▽

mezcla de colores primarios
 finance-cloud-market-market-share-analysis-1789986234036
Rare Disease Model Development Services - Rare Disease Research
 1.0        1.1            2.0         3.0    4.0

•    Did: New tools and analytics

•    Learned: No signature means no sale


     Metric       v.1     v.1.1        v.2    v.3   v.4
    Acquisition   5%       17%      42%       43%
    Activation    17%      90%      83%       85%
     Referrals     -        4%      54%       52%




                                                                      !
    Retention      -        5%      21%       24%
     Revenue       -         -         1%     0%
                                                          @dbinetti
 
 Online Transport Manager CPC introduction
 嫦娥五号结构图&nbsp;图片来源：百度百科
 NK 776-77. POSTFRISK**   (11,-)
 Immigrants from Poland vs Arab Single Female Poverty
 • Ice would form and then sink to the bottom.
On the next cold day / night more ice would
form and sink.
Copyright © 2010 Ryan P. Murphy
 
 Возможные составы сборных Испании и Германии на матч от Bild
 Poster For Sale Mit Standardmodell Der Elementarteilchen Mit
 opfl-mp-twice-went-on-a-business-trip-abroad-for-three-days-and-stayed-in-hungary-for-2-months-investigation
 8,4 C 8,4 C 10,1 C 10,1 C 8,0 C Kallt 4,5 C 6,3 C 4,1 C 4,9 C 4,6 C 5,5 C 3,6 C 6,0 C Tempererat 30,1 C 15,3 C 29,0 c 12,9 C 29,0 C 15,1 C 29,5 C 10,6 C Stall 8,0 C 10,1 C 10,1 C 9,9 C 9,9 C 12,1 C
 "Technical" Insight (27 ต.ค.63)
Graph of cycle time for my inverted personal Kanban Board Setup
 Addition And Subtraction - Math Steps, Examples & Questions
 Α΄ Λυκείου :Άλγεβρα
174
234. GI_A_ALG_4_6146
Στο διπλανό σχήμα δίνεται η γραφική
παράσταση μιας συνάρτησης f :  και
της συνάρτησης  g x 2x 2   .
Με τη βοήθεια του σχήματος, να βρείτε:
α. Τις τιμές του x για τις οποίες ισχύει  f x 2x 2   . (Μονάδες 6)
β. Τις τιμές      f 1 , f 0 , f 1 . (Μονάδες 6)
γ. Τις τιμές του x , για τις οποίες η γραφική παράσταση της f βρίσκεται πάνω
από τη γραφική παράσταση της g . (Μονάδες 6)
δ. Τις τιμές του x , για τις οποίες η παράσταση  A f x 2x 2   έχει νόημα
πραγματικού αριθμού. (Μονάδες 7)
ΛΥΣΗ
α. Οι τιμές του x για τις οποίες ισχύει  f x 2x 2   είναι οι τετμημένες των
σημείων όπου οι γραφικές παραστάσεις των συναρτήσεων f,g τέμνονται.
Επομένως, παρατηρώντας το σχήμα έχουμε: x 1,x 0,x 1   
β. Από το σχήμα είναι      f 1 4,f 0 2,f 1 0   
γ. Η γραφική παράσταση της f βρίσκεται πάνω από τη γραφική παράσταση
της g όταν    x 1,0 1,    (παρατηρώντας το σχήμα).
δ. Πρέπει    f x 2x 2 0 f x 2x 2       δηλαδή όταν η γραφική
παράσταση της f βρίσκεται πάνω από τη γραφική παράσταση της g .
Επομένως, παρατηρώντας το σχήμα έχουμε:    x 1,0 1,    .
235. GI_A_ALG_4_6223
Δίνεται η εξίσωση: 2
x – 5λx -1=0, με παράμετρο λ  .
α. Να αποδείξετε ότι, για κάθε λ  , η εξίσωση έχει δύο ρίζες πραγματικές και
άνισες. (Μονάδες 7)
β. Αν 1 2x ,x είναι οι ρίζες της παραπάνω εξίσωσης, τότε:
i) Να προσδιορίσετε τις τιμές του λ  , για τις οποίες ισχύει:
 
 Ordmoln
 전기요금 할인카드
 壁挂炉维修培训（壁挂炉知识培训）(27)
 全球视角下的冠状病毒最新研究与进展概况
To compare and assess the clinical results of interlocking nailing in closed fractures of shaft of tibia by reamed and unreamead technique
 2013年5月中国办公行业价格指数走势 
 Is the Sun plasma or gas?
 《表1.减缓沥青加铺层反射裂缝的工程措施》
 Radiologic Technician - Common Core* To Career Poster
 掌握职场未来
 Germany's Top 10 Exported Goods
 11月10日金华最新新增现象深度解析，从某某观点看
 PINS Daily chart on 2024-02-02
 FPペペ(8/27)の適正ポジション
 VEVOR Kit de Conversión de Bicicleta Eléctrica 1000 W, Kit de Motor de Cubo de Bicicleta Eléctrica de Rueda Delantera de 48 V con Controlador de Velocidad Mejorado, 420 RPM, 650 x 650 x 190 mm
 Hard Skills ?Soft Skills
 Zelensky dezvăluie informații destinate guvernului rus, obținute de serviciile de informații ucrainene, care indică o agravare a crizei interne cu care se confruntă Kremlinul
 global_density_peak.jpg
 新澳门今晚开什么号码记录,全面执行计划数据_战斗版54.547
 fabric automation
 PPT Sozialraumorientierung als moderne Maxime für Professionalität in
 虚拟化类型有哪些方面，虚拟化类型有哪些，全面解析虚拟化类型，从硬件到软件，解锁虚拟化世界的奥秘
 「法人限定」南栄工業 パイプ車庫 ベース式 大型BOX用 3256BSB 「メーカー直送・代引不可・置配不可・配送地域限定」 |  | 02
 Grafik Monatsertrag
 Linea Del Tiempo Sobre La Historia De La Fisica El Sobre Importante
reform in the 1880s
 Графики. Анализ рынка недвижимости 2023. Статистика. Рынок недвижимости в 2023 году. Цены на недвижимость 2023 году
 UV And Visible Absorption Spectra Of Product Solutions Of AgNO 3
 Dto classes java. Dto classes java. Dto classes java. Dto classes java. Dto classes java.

△

Aim of the task: Give again exactly, and only, the lines above starting at the one with "Is the Sun plasma or gas?" and ending at the one with "reform in the 1880s".

Exercise response:
 Is the Sun plasma or gas?
 《表1.减缓沥青加铺层反射裂缝的工程措施》
 Radiologic Technician - Common Core* To Career Poster
 掌握职场未来
 Germany's Top 10 Exported Goods
 11月10日金华最新新增现象深度解析，从某某观点看
 PINS Daily chart on 2024-02-02
 FPペペ(8/27)の適正ポジション
 VEVOR Kit de Conversión de Bicicleta Eléctrica 1000 W, Kit de Motor de Cubo de Bicicleta Eléctrica de Rueda Delantera de 48 V con Controlador de Velocidad Mejorado, 420 RPM, 650 x 650 x 190 mm
 Hard Skills ?Soft Skills
 Zelensky dezvăluie informații destinate guvernului rus, obținute de serviciile de informații ucrainene, care indică o agravare a crizei interne cu care se confruntă Kremlinul
 global_density_peak.jpg
 新澳门今晚开什么号码记录,全面执行计划数据_战斗版54.547
 fabric automation
 PPT Sozialraumorientierung als moderne Maxime für Professionalität in
 虚拟化类型有哪些方面，虚拟化类型有哪些，全面解析虚拟化类型，从硬件到软件，解锁虚拟化世界的奥秘
 「法人限定」南栄工業 パイプ車庫 ベース式 大型BOX用 3256BSB 「メーカー直送・代引不可・置配不可・配送地域限定」 |  | 02
 Grafik Monatsertrag
 Linea Del Tiempo Sobre La Historia De La Fisica El Sobre Importante
reform in the 1880s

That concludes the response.